----- DATA -----
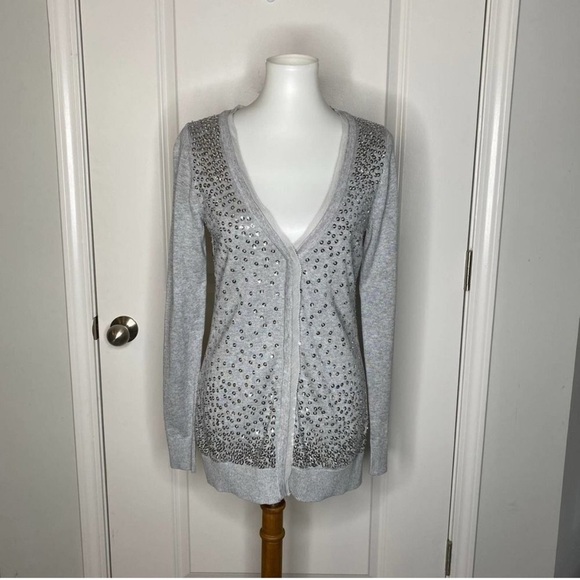 White House Black Market Silver Studded Cardigan - Picture 2 of 10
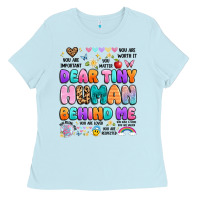 Baby Blue dear tiny human behind me Ladies Tee - Artiststas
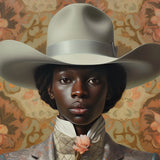 Caesar - Gay Black Dandy Cowboy Art Print / Canvas Cowboy Hat Wide Brim Floral Design Light Gray Queer Black Cowboy, Gay Rodeo, Rodeo Dandy
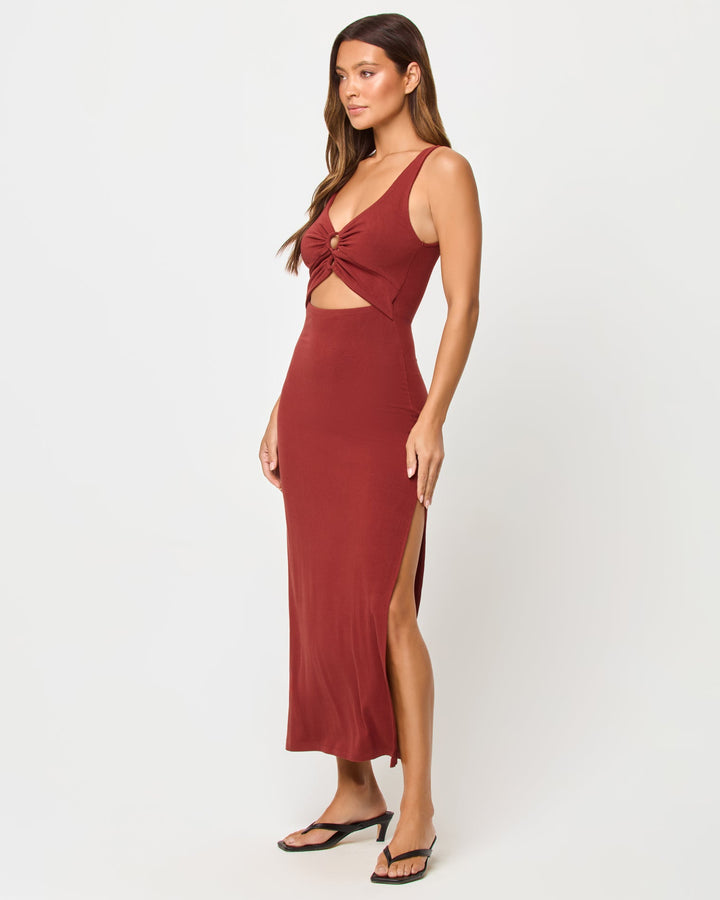 LSPACE Camille dress in dusty fig, side view on model.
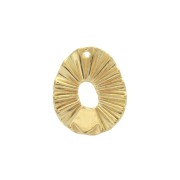 Colgante ovalado calado efecto arrugado de zamac 22x18 mm - Dorado con oro fino x1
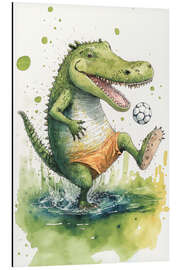 Tableau en aluminium Cute Footballer Crocodile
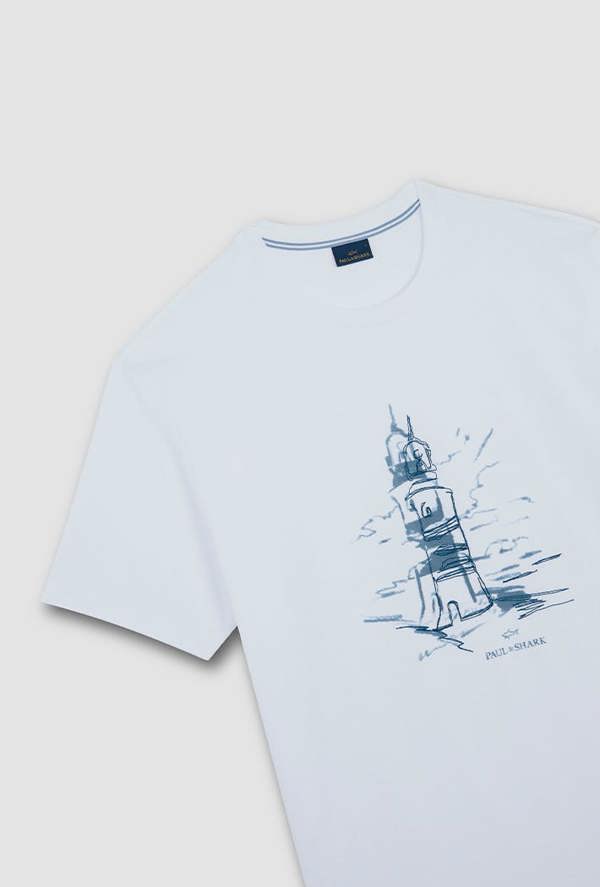 Paul & Shark Men's T-Shirt in Cotton Jersey With Lighthouse Print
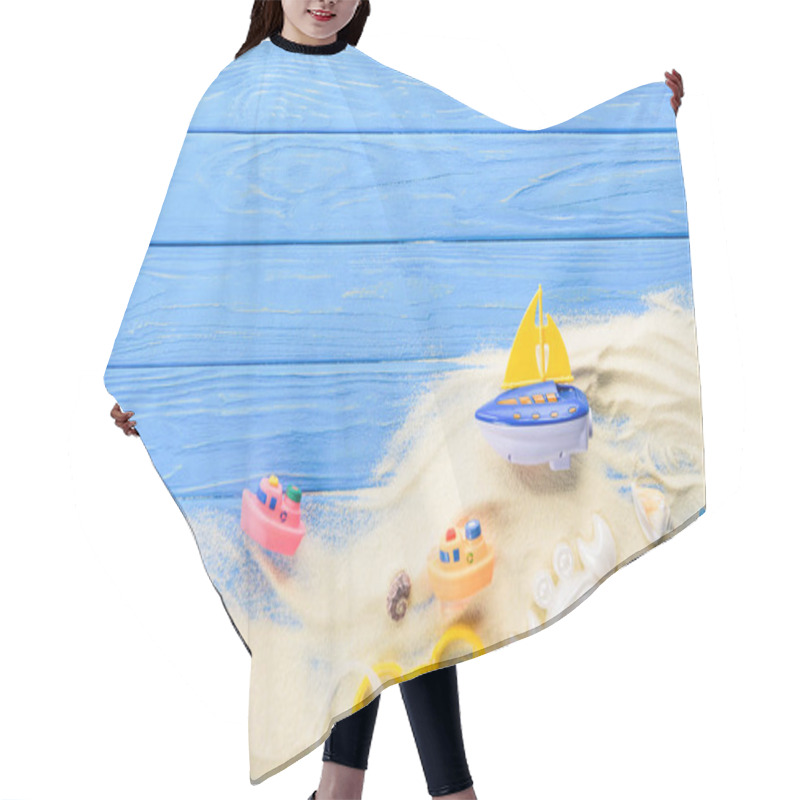 Personality  Beach Toys In Sand On Blue Wooden Background Hair Cutting Cape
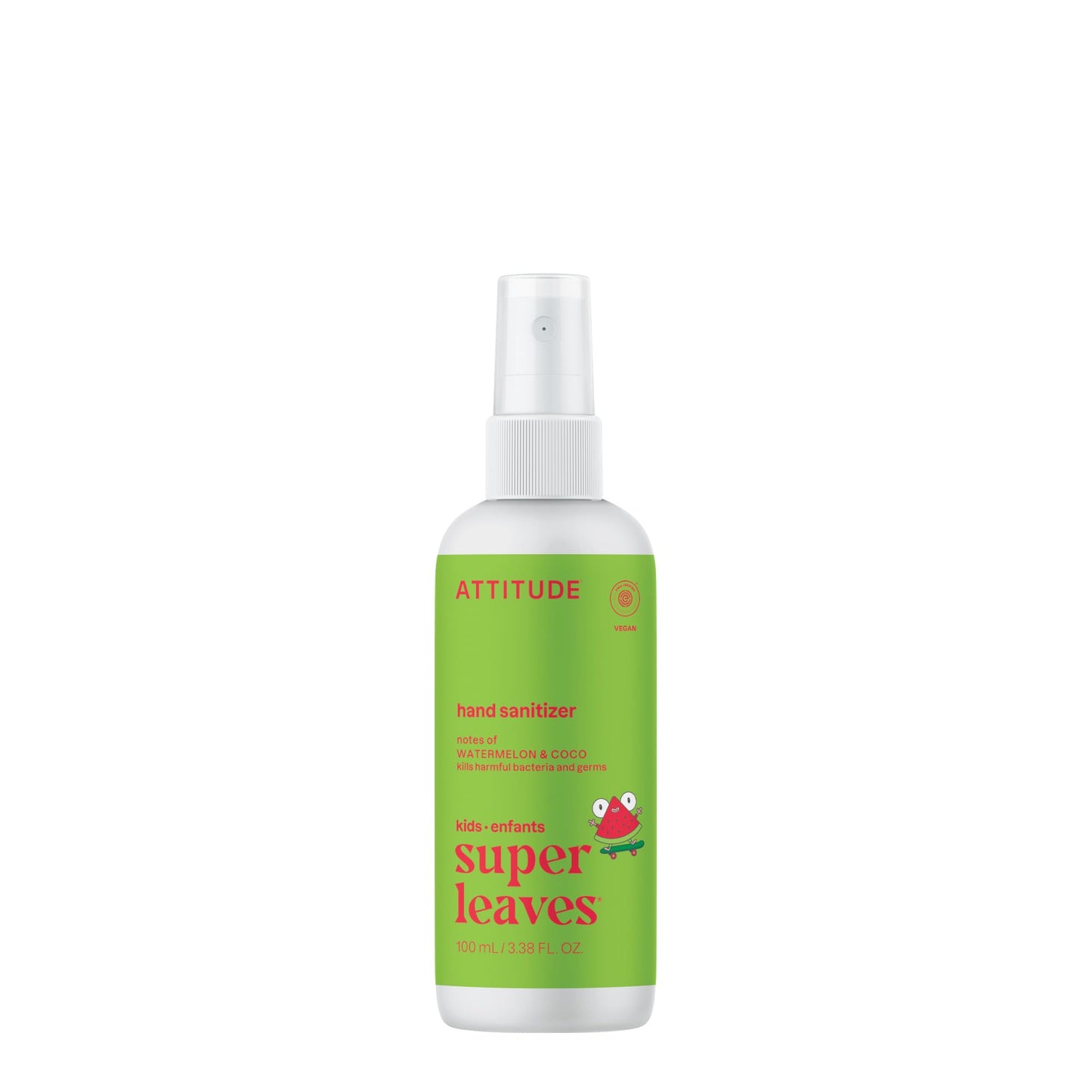 ATTITUDE Hand Sanitizer Spray for Kids & Adults, EWG Verified, Travel Size, Dermatologically Tested, Plant and Mineral Based, Vegan, Watermelon & Coco, 3.5 Fl Oz (Spray Bottle)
-----
### WHAT TO DO
All of the data must be set down exactly, with no pictures included.

### ANSWER TO THIS TASK
 White House Black Market Silver Studded Cardigan - Picture 2 of 10
 Baby Blue dear tiny human behind me Ladies Tee - Artiststas
 Caesar - Gay Black Dandy Cowboy Art Print / Canvas Cowboy Hat Wide Brim Floral Design Light Gray Queer Black Cowboy, Gay Rodeo, Rodeo Dandy
 LSPACE Camille dress in dusty fig, side view on model.
 Colgante ovalado calado efecto arrugado de zamac 22x18 mm - Dorado con oro fino x1
 Tableau en aluminium Cute Footballer Crocodile
 Paul & Shark Men's T-Shirt in Cotton Jersey With Lighthouse Print
 Personality  Beach Toys In Sand On Blue Wooden Background Hair Cutting Cape
 ATTITUDE Hand Sanitizer Spray for Kids & Adults, EWG Verified, Travel Size, Dermatologically Tested, Plant and Mineral Based, Vegan, Watermelon & Coco, 3.5 Fl Oz (Spray Bottle)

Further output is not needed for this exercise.